L–R: David Easton, Pete Hamill, Margaret Russell, James TurrellCelebrate Pratt on Monday, November 11 at Legends 2013, a scholarship benefit honoring icons of art and design. Hosted this year against a sweeping backdrop of Central Park and the Manhattan skyline at the Mandarin Oriental, the annual event honors icons of art and design whose works have helped shape our cultural landscape.

Legends 2013 will honor renowned interior designer David Easton; journalist and New York Times best-selling author Pete Hamill; Architectural Digest editor-in-chief Margaret Russell; and groundbreaking contemporary artist James Turrell. Ted Allen, the host of the primetime Food Network series Chopped, will emcee.

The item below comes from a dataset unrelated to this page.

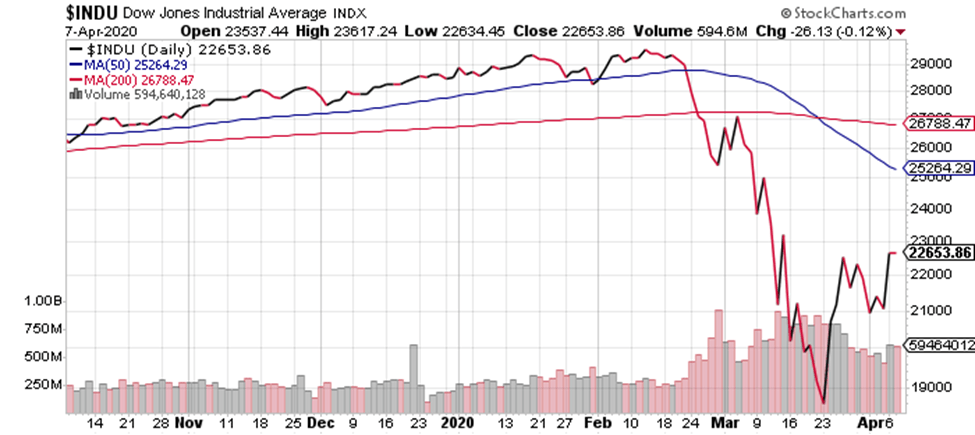 The Bottom Is In What Are You Waiting For Seeking Alpha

Martha Stewart, founder of Martha Stewart Living Omnimedia, will be presenting the award to David Easton; award-winning film and television director Bob Giraldi will be presenting to Pete Hamill; David Rockwell, founder and CEO of Rockwell Group, will be presenting to Margaret Russell; and Carmen Giménez, curator of 20th-Century Art, Guggenheim Museum, will be giving James Turrell the Legends award.

The award winners are distinguished individuals whose accomplishments and values resonate with those of Pratt:

David Easton (B.F.A. Interior Design ’63), Principal, David Easton Inc., is being recognized for creating inspired environments that reflect the mastery of his craft and set standards for excellence in design. He has been named to Architectural Digest’s list of the “Top 100 Designers in the World” a record 10 times.

Pete Hamill, who studied illustration and communications design at Pratt in the 1950s, is being recognized as an award-winning American literary icon whose work captures the stories that shape the human experience. A prolific author of numerous articles, essays, short stories, and eleven novels, Hamill’s work often features his New York City hometown.

Margaret Russell is being recognized as one of the world’s leading design authorities and media innovators. Prior to joining Architectural Digest, Russell served as vice president and editor-in-chief of Elle Décor, a publication that she helped launch in 1989.

James Turrell, whose innovative explorations with light and space were featured in three blockbuster exhibitions across the United States in 2013, is being recognized as a role model for visionaries in all fields. His works have engaged viewers with the limits of wonder and human perception for more than half a century.

This year the awards being given to the honorees were designed by seniors in the Industrial Design Department, Alexander Pinks and Isabella Minkyung Shin, who worked closely with Karen Stone, adjunct associate professor and director of design at Knoll, to refine their concepts for an end result befitting the design leaders that would be receiving them.

The event's mission is to raise funds to provide financial aid to Pratt students based on need and merit. Eighty percent of Pratt's students require financial aid to pursue their educations. Every dollar raised through Legends strengthens the student body by increasing the scholarship endowment and allowing the most qualified students, regardless of their financial backgrounds, an opportunity to attend one of the world's foremost schools of art, design, and architecture.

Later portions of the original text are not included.